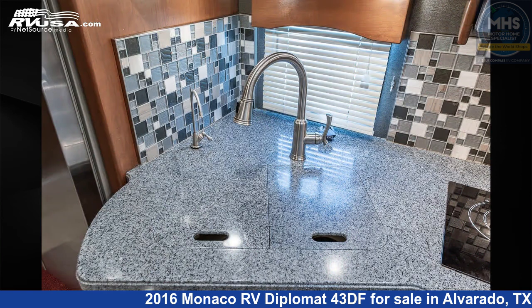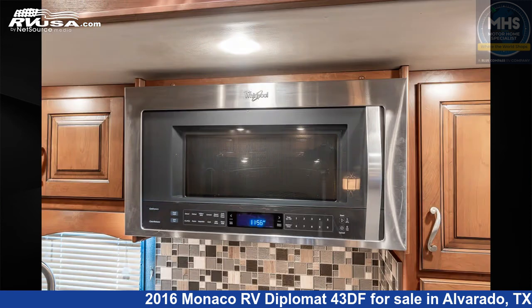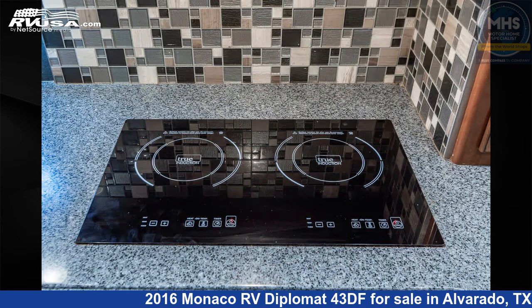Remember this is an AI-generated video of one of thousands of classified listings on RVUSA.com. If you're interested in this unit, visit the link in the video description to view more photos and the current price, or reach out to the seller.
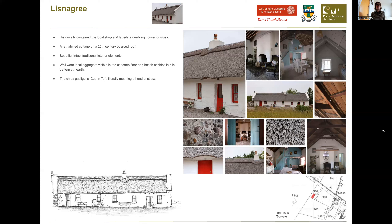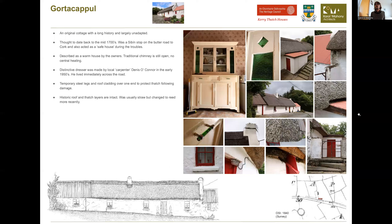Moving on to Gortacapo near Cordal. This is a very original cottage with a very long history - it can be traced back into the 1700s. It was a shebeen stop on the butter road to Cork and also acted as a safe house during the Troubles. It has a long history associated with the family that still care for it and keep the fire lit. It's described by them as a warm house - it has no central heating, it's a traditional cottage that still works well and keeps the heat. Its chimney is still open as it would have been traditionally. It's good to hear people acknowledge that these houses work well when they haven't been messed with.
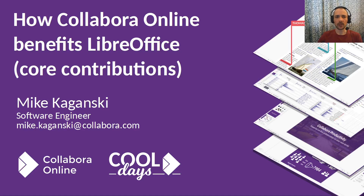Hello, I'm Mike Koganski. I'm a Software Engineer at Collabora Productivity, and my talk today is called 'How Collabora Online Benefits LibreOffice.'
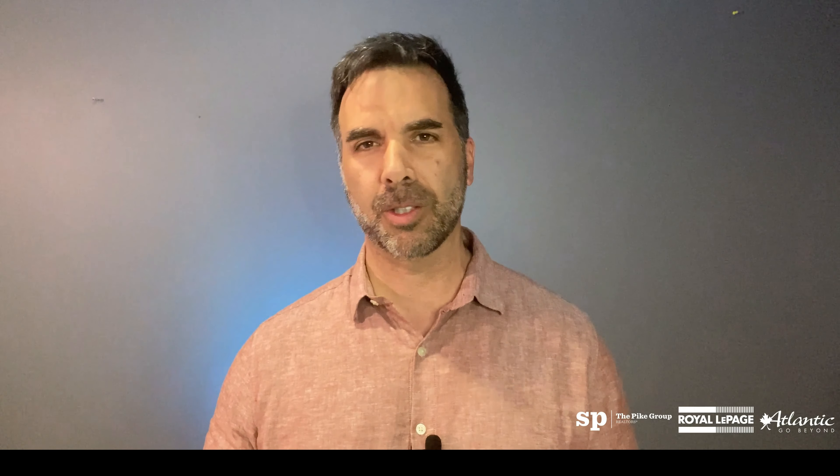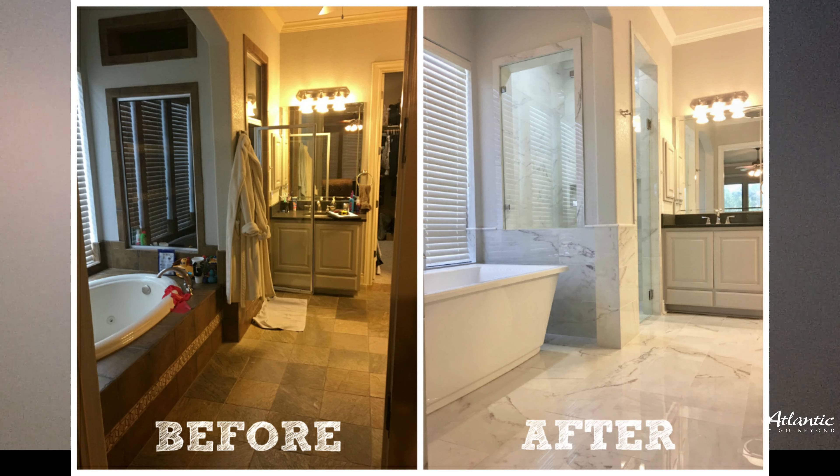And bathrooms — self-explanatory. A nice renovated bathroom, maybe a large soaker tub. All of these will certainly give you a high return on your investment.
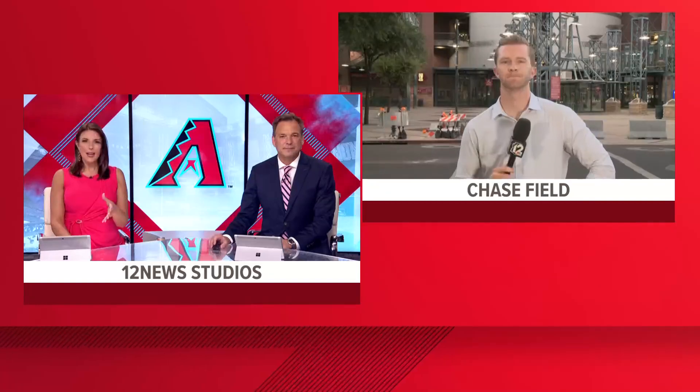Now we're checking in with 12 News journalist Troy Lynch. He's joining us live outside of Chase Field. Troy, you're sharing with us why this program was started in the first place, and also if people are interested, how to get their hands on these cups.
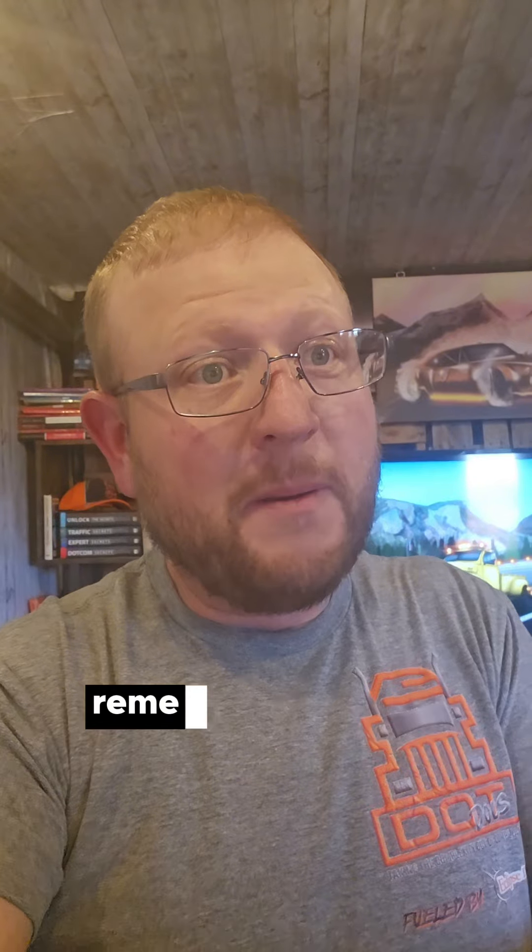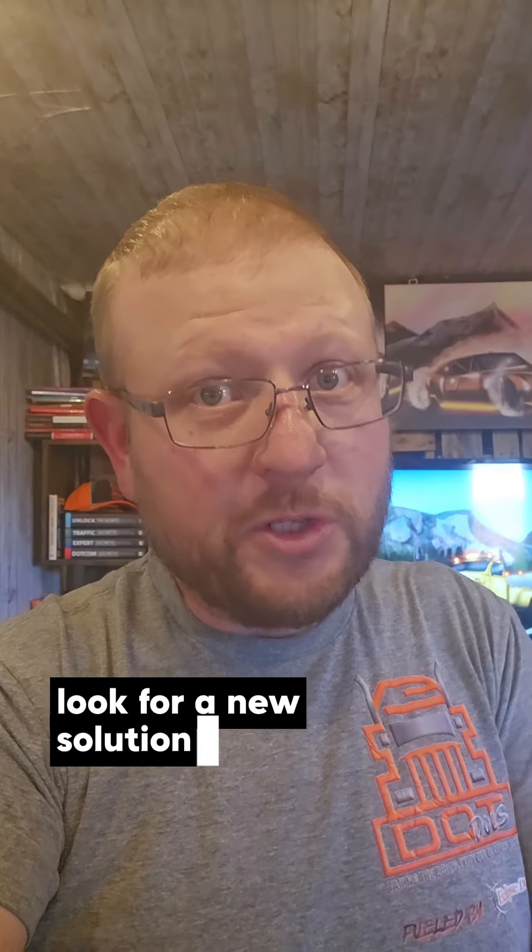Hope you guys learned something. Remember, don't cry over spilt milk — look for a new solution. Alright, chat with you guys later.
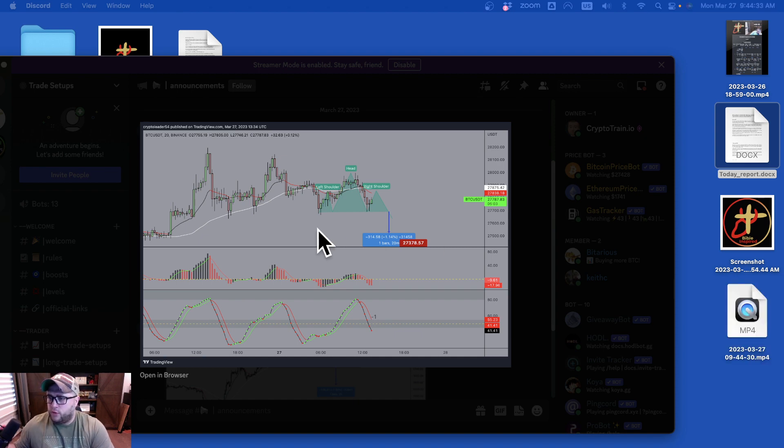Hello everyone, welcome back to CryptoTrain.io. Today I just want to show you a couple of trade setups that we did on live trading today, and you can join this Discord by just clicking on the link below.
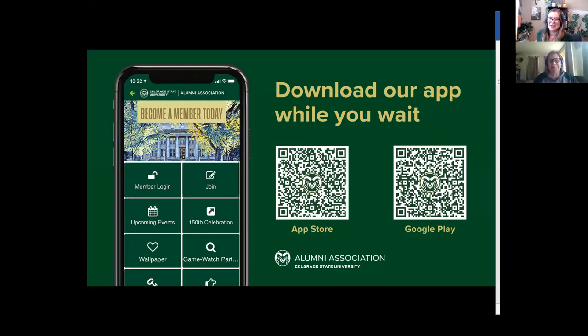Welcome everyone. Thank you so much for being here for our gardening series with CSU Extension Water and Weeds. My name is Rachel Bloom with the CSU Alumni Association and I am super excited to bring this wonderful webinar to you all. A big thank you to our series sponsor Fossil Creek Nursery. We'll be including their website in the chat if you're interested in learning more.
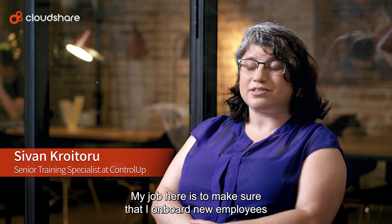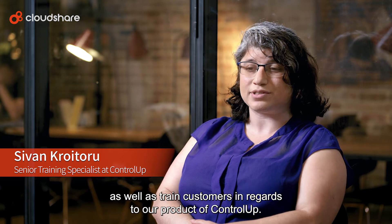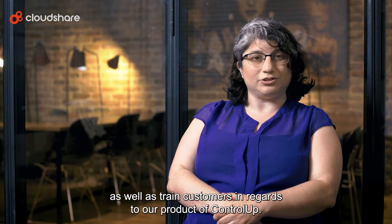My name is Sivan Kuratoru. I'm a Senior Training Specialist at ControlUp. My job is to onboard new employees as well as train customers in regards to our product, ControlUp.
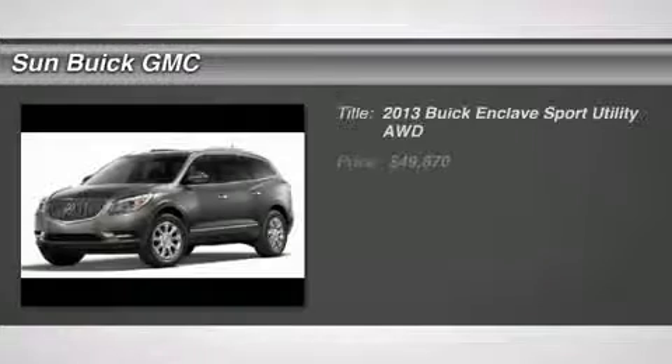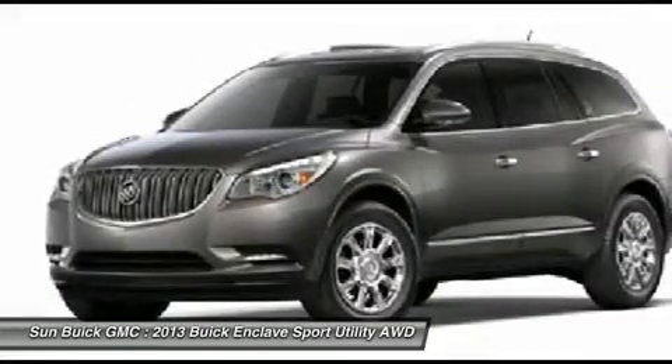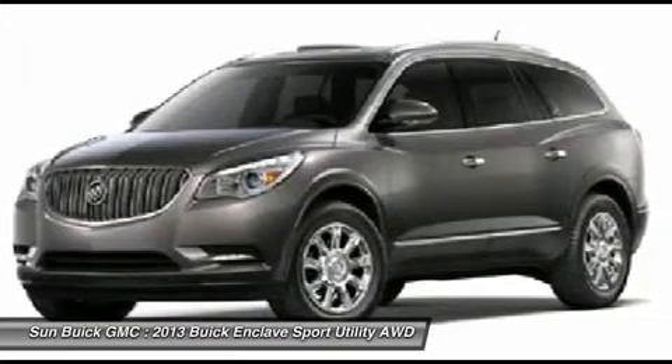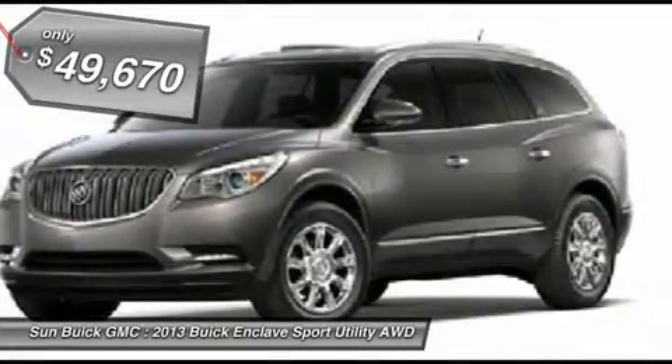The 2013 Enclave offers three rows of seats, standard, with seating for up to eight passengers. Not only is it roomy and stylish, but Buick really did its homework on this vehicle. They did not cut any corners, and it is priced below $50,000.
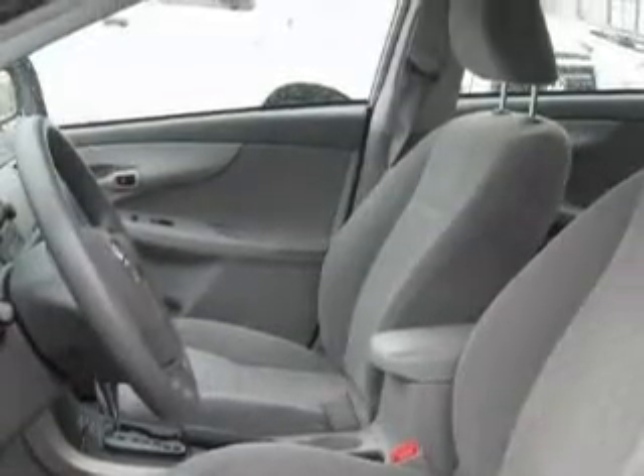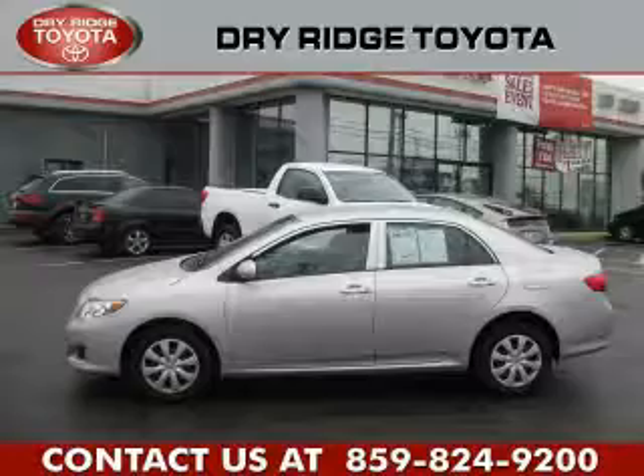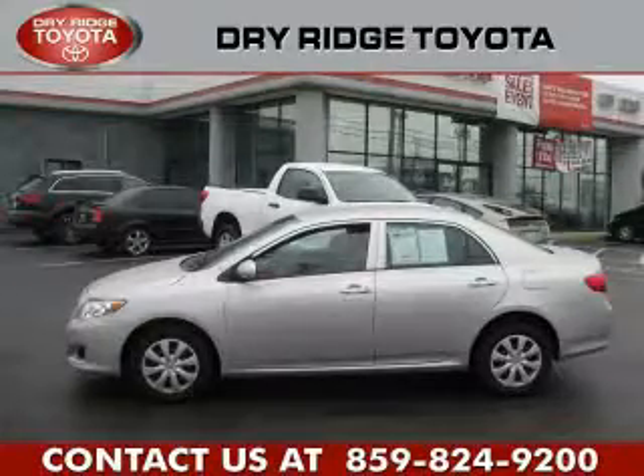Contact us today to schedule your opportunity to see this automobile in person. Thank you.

# # #

#### Exercise directions:
Each line above should be output exactly, apart from the pictures.

#### Result for this exercise:
Remember this is an AI-generated video of one of thousands of classified listings on RVUSA.com. If you're interested in this unit, visit the link in the video description to view more photos and the current price, or reach out to the seller.
Moving on to Gortacapo near Cordal. This is a very original cottage with a very long history - it can be traced back into the 1700s. It was a shebeen stop on the butter road to Cork and also acted as a safe house during the Troubles. It has a long history associated with the family that still care for it and keep the fire lit. It's described by them as a warm house - it has no central heating, it's a traditional cottage that still works well and keeps the heat. Its chimney is still open as it would have been traditionally. It's good to hear people acknowledge that these houses work well when they haven't been messed with.
Hello, I'm Mike Koganski. I'm a Software Engineer at Collabora Productivity, and my talk today is called 'How Collabora Online Benefits LibreOffice.'
And bathrooms — self-explanatory. A nice renovated bathroom, maybe a large soaker tub. All of these will certainly give you a high return on your investment.
Now we're checking in with 12 News journalist Troy Lynch. He's joining us live outside of Chase Field. Troy, you're sharing with us why this program was started in the first place, and also if people are interested, how to get their hands on these cups.
Hope you guys learned something. Remember, don't cry over spilt milk — look for a new solution. Alright, chat with you guys later.
Hello everyone, welcome back to CryptoTrain.io. Today I just want to show you a couple of trade setups that we did on live trading today, and you can join this Discord by just clicking on the link below.
Welcome everyone. Thank you so much for being here for our gardening series with CSU Extension Water and Weeds. My name is Rachel Bloom with the CSU Alumni Association and I am super excited to bring this wonderful webinar to you all. A big thank you to our series sponsor Fossil Creek Nursery. We'll be including their website in the chat if you're interested in learning more.
My name is Sivan Kuratoru. I'm a Senior Training Specialist at ControlUp. My job is to onboard new employees as well as train customers in regards to our product, ControlUp.
The 2013 Enclave offers three rows of seats, standard, with seating for up to eight passengers. Not only is it roomy and stylish, but Buick really did its homework on this vehicle. They did not cut any corners, and it is priced below $50,000.
Contact us today to schedule your opportunity to see this automobile in person. Thank you.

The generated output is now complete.